◆ What is needed:
The data below is to be transcribed word for word; pictures are to be excluded.

◆ Data extract:
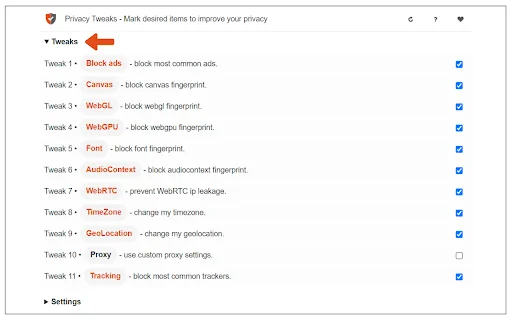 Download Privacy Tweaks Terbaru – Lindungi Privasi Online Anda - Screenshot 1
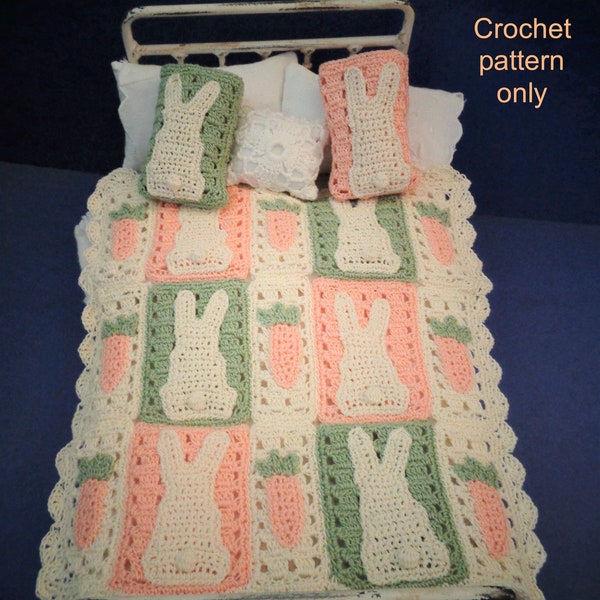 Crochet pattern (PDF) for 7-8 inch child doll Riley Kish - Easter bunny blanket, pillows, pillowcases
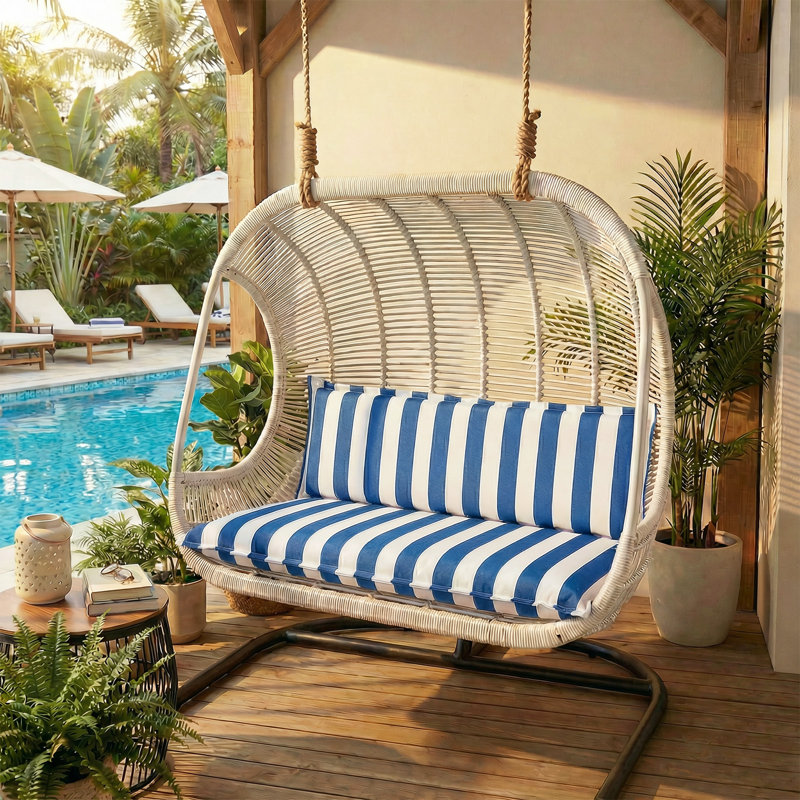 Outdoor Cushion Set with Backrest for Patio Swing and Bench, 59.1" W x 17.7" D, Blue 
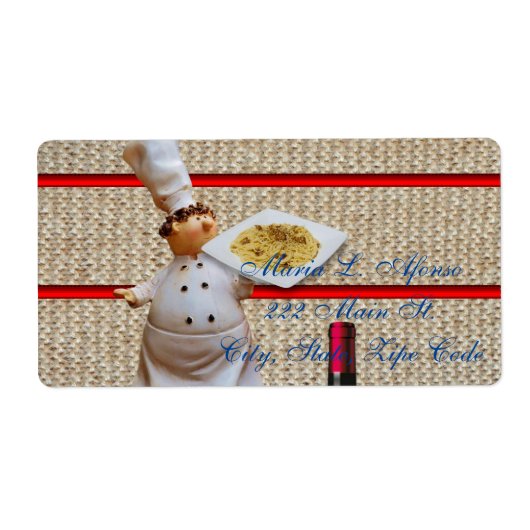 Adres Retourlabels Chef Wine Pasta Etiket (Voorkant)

◆ Task solution:
 Download Privacy Tweaks Terbaru – Lindungi Privasi Online Anda - Screenshot 1
 Crochet pattern (PDF) for 7-8 inch child doll Riley Kish - Easter bunny blanket, pillows, pillowcases
 Outdoor Cushion Set with Backrest for Patio Swing and Bench, 59.1" W x 17.7" D, Blue 
 Adres Retourlabels Chef Wine Pasta Etiket (Voorkant)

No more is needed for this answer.